What Happens to Chegg When We "Disrupt" the Textbook Industry?

It's still not clear what Apple will announce at its big "education event" on Thursday. But no matter the outcome, it seems clear that the world of textbooks is changing. How will this influence the textbook rental giant Chegg?

January 17, 2012

All eyes are on Cupertino this week -- well, New York this time actually -- for an announcement from Apple that will purportedly deal with digital textbooks. More on that from me later, as I'll be reporting from the event.

Speculation about what Apple will do aside, there's been some certitude that the world of textbooks and educational content will be digital -- if not now, then soon. And while that might bode well for the new app economy, while it might making sharing, collaboration, and distribution easier, it might spell the end of plenty of "brick and mortar" textbook stores.

But will it spell the end of Chegg, the online textbook rental giant?

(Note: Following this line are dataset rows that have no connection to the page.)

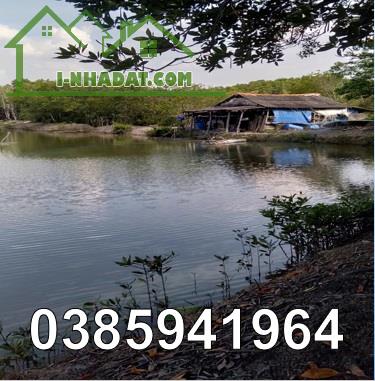 ⭐️Bán 61 mẫu đầm nuôi tôm tại xã Thạnh An (Cần Giờ), TP.HCM, 0385941964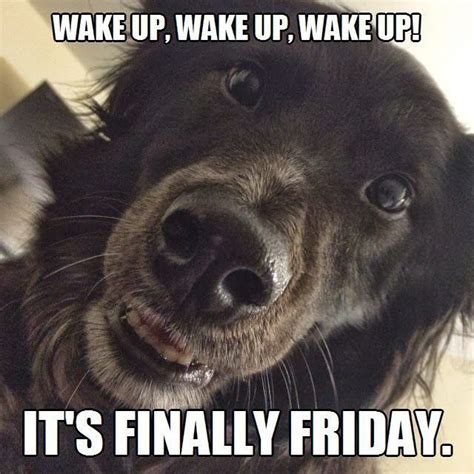 It's finally Friday. | Friday dog, Happy friday, Animal memes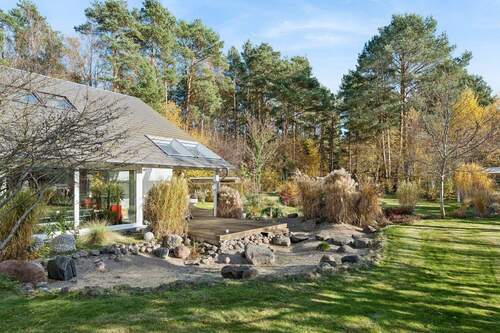 Steingarten mit Blickrichtung zum überdachten Teil der Terrasse - 1 - 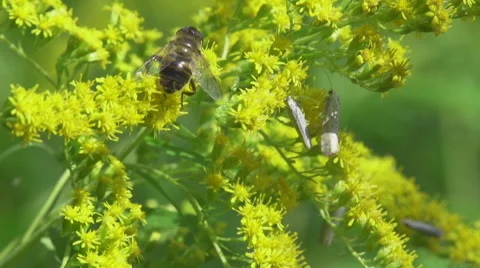 Bee_on_flower_slomo 스톡 동영상 49165724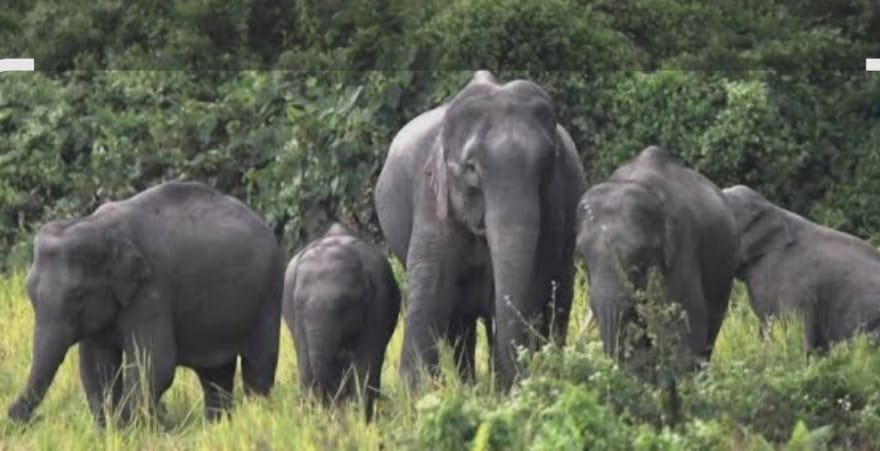 गोमिया में हाथियों के झुंड की सक्रियता, क्षेत्र में हाई अलर्ट गोमिया में हाथियों के झुंड की सक्रियता, क्षेत्र में हाई अलर्ट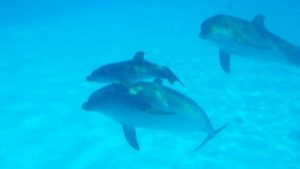В Приазовском районе на берег выбросило маленького дельфиненка, — ФОТО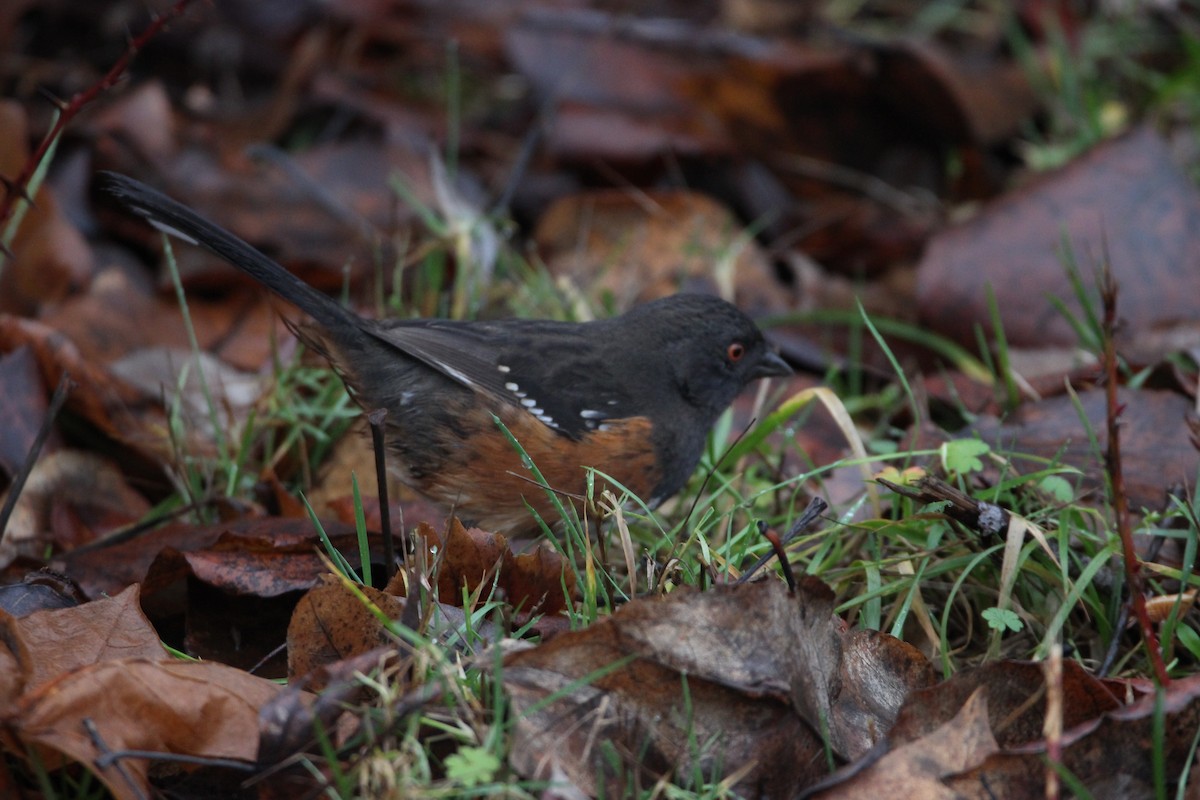 Spotted Towhee - Abraham Bowring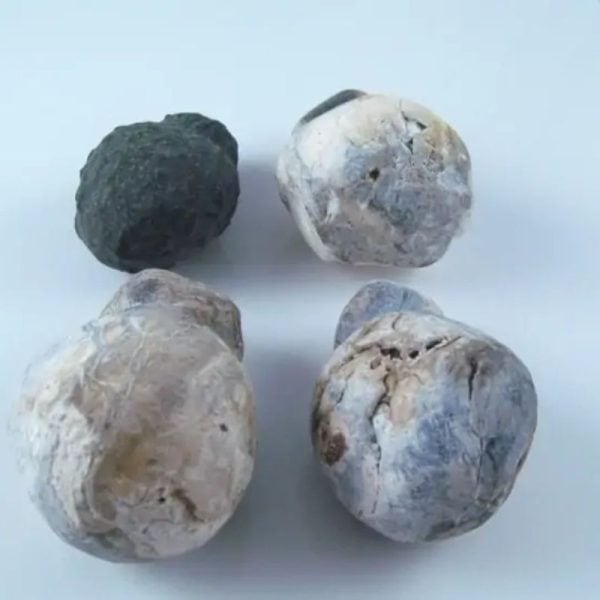 Fossilized Tiger Testicle Pearl - Type I2 - Image 6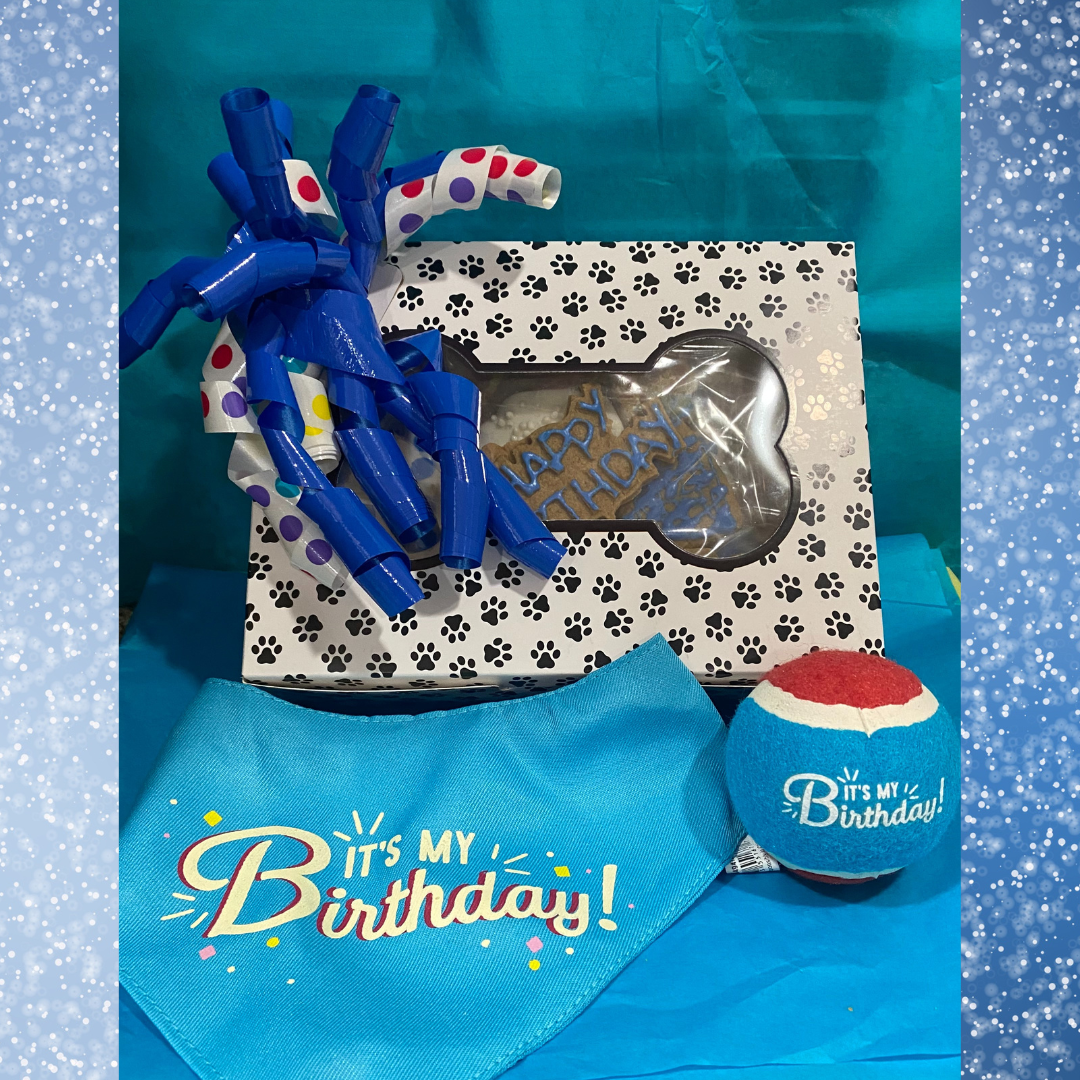 Custom Birthday Box with Ball and Bandana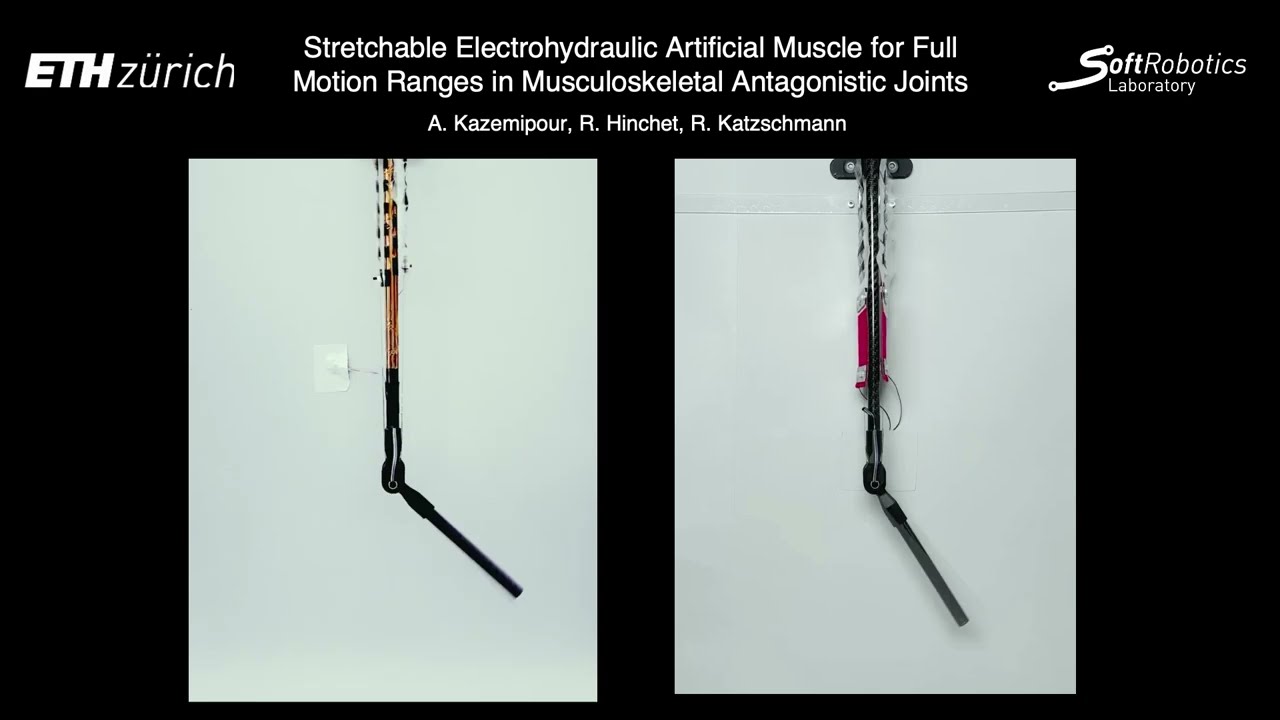 Stretchable Electrohydraulic Artificial Muscle for Full Motion Ranges in Musculoskeletal Robots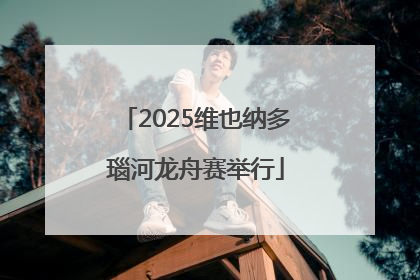 2025维也纳多瑙河龙舟赛举行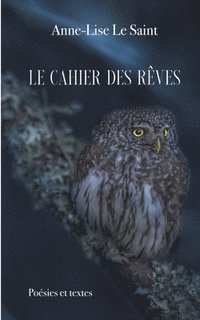 bokomslag cahier des rêves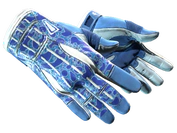 ★ Sport Gloves | Amphibious image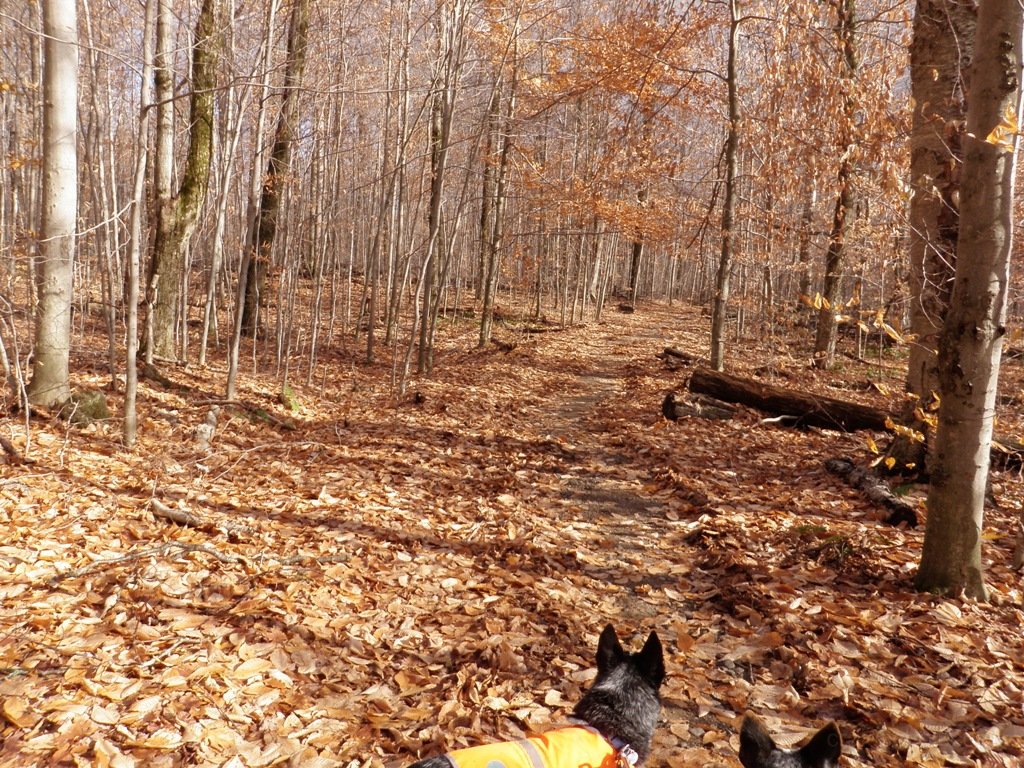 Trail starting to narrow up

A bit of trivia: Chegg was originally named Textbookflix.com, but changed its name to Chegg in 2007. The word is a combination of "chicken" and "egg" -- as in "what came first?"

What came first for Chegg was building a massive textbook rental distribution system (printed textbooks, I should add). While not a "chicken and egg" problem per se, the idea of building a company on renting printed textbooks does seem a little bit of a "dinosaur egg" sort of effort. You might hatch a huge beast, but will evolution outpace it?

Chegg claims to offer students a cheaper and more convenient way to acquire their textbooks by renting them online. Books are mailed to students for the duration of the semester (along with return shipping labels) for a savings (according to Chegg) of about 60% over the cost of buying a new book. But with the push for e-books and online resources, is there a future in printed textbook rentals? (And we need only look to the struggles that public libraries and Amazon are having in coming up with agreements over what e-book lending looks like to see that digital rentals may not be the easiest path forward, even if Chegg does make that switch.)

But the company does have a decent runway as it is extraordinarily well-funded (Crunchbase puts its total investment at $219 million). Over the last 18 months or so, it's used those reserves to acquire a number of Web startups: CourseRank, Cramster, Notehall, Student of Fortune, Zinch, and most recently 3D3R Software Studio. Those startups offer course recommendations, note-sharing, study guides, and tutoring services, among other things. When integrated into the Chegg system, these services do help feed the textbook rental part of the business; but it's clear too that Chegg is diversifying beyond its core.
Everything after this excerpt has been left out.